Rank Aggregation Methods for the Web
Discusses techniques to rerank results when combining data from different data sources, which among other things may help improve the quality of meta search results and help eliminate spam from search listings.
A Case Study in Web Search using TREC Algorithms
TREC is a long standing study designed to evaluate the effectiveness of information retrieval algorithms. However, do these tests evaluate web-wide search engines fairly? The authors of this paper try a new test, to measure how well an ideal TREC algorithm fares in a situation common in the real world of web search -- navigational requests. Results? Web search engines do better than the TREC algorithm. Well worth reading, especially to understand the great difficulties in assessing relevance.
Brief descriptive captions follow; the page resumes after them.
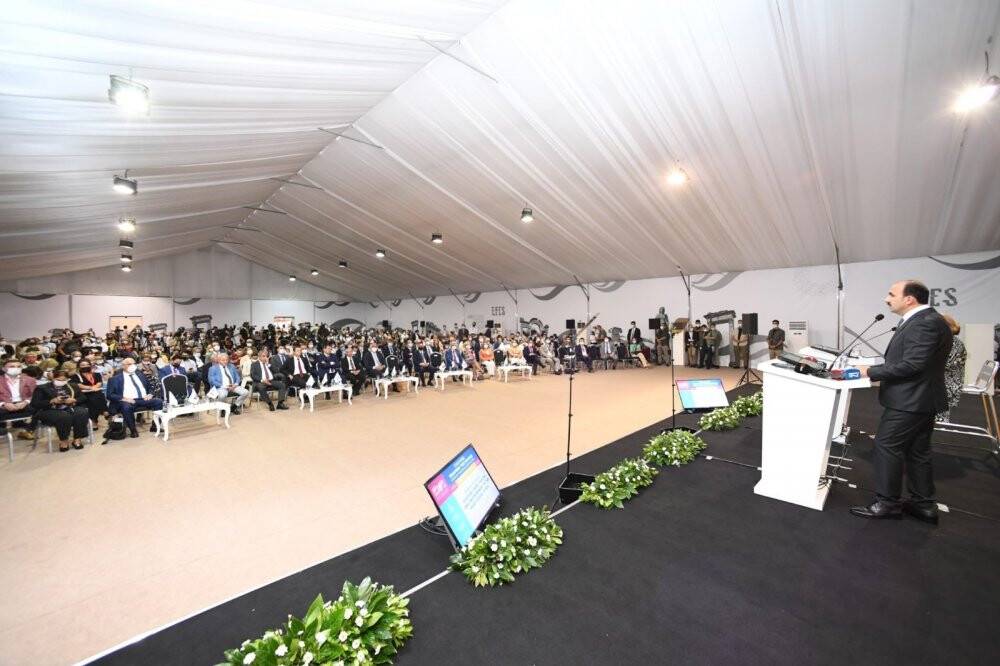 Başkan Altay UCLG 2021 İzmir Kültür Zirvesi’ne katıldı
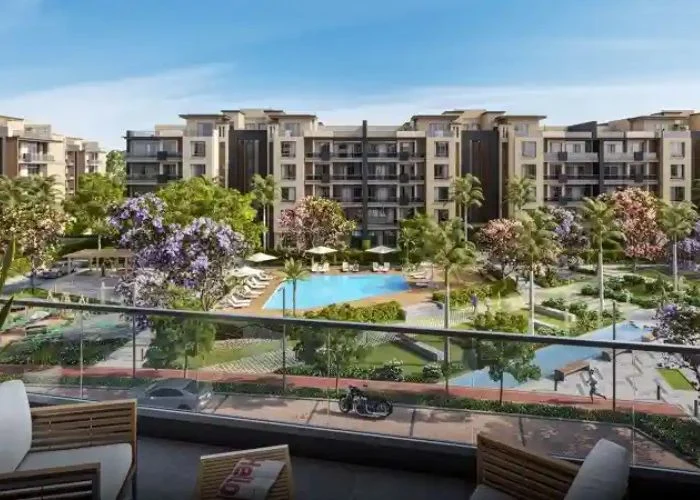 كمبوند رافيل القاهرة الجديدة Raville Compound تفاصيل وأسعار
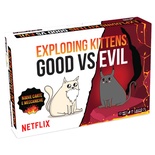 Exploding Kittens Good vs Evil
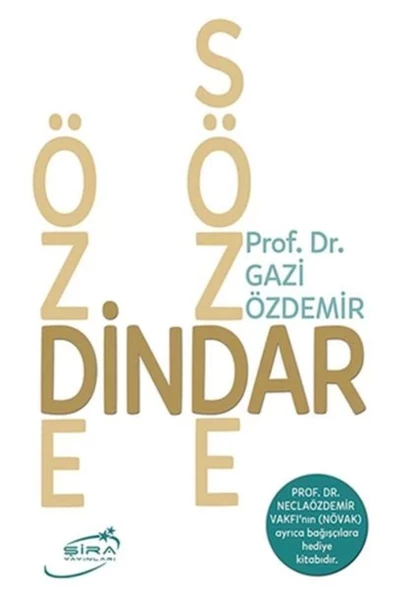 Şira Yayınları Özde Dindar Sözde Dindar ürün görseli 1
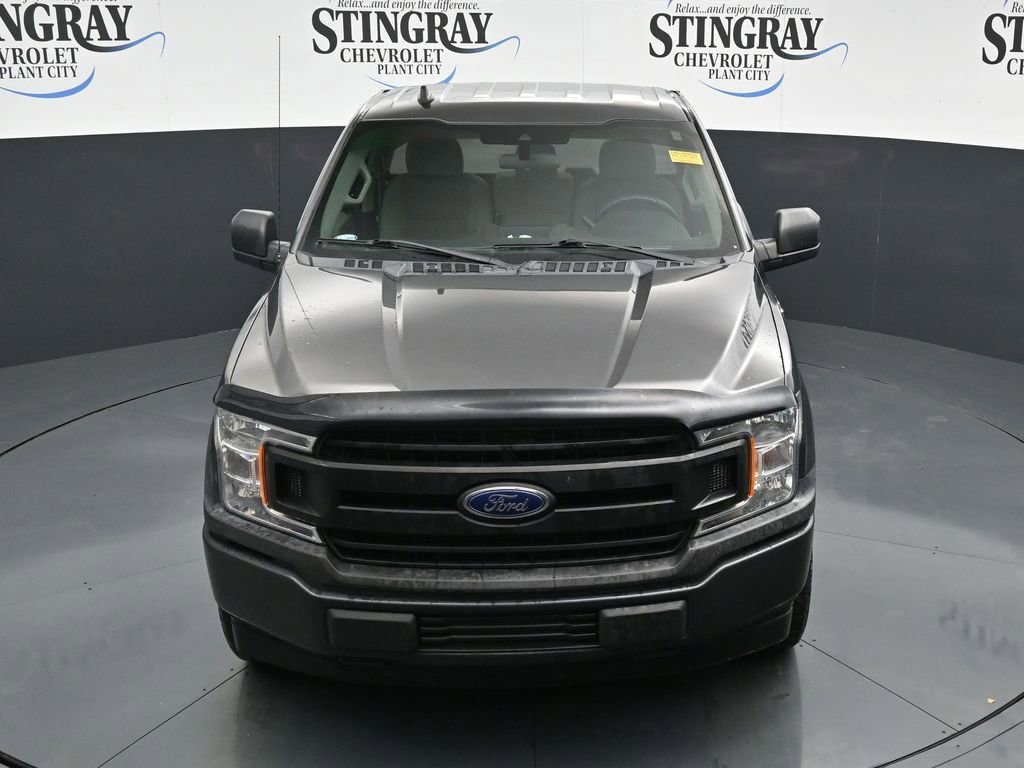 Used 2020 Ford F150 XL w/ Equipment Group 101A Mid RWD image 10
When Experts Agree: Using Non-Affiliated Experts to Rank Popular Topics
Examines the "Hilltop" system, which can identify pages that can be classified as "experts" from within a large index. These expert pages are then associated with keyphrases, depending on their context. The result is an algorithm that produces high-quality search results for popular or broad topics from a much smaller set of web pages than used by the major crawler-based search engines.
Breadth-first search crawling yields high-quality pages
Finds that crawling links in the order that they are discovered -- "breadth-first" -- provides a fairly good collection of high-quality web pages when compared to a system that crawls in order of perceived page quality. Why care? Calculating page quality uses a lot of computational resources that breadth-first crawling doesn't require, which means breadth-first crawling may save money without greatly decreasing the quality of an index.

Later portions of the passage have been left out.